INPUT FOR THIS TASK START

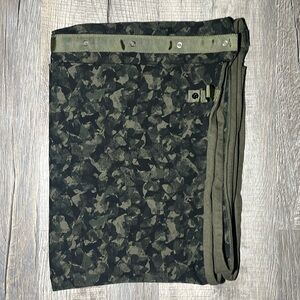 Lululemon Vinyasa Scarf - Green Camo, Versatile Snap Wrap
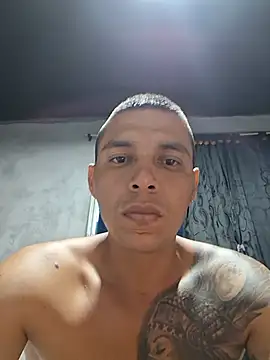 Chat XXX Live Andrezzz69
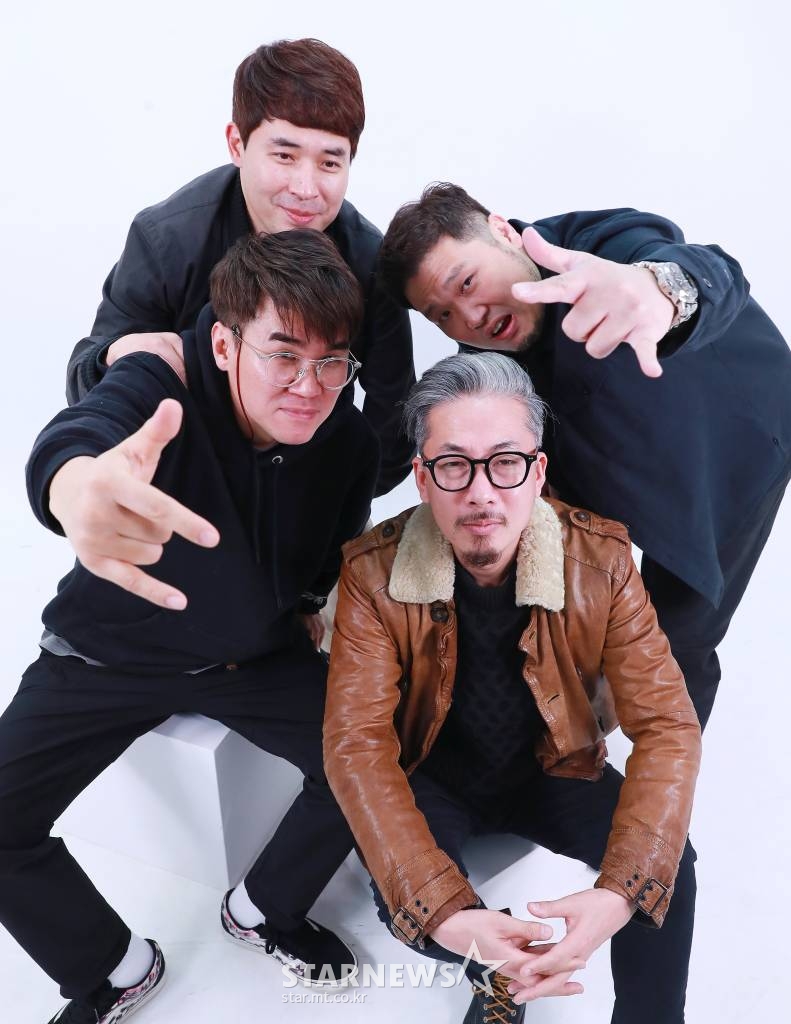 2021.11.18 밴드 밀크티즈 인터뷰(왼쪽 위 김경태 아래 김병욱 오른쪽 위 홍원기 아래 신조하랑) /사진=이동훈 기자 photoguy@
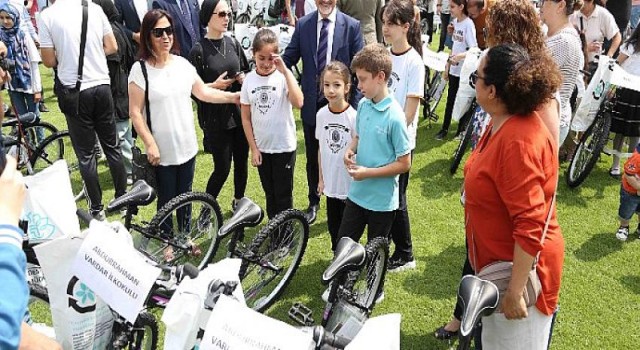 En çalışkan öğrencilere bisiklet armağanı... Nilüfer Beleidyesi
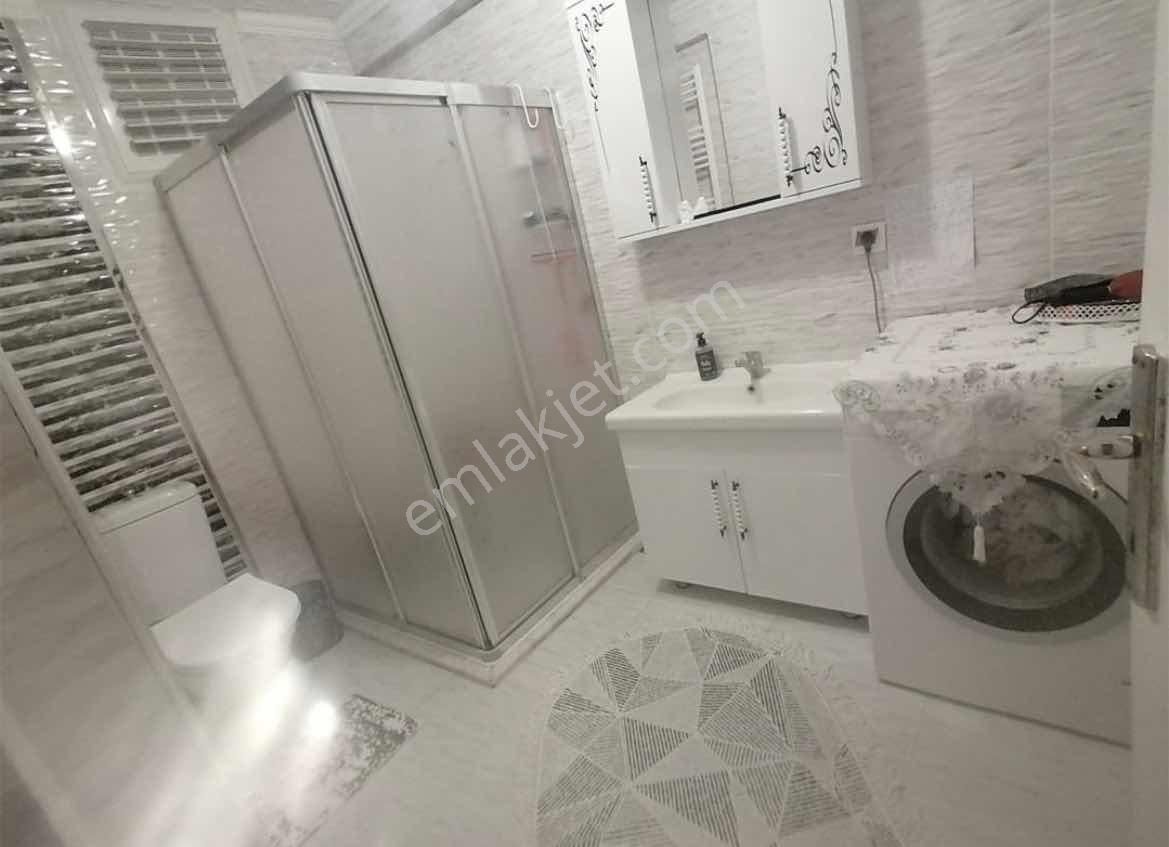 Kazımdirik Mahallesinde Eşyalı Kiralık 3+1 Daire - Görsel 3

INPUT FOR THIS TASK END

> [ABOUT THIS TASK]:
Reproduce the complete set of records verbatim and omit the pictures.

> [TASK RESULT]:
 Lululemon Vinyasa Scarf - Green Camo, Versatile Snap Wrap
 Chat XXX Live Andrezzz69
 2021.11.18 밴드 밀크티즈 인터뷰(왼쪽 위 김경태 아래 김병욱 오른쪽 위 홍원기 아래 신조하랑) /사진=이동훈 기자 photoguy@
 En çalışkan öğrencilere bisiklet armağanı... Nilüfer Beleidyesi
 Kazımdirik Mahallesinde Eşyalı Kiralık 3+1 Daire - Görsel 3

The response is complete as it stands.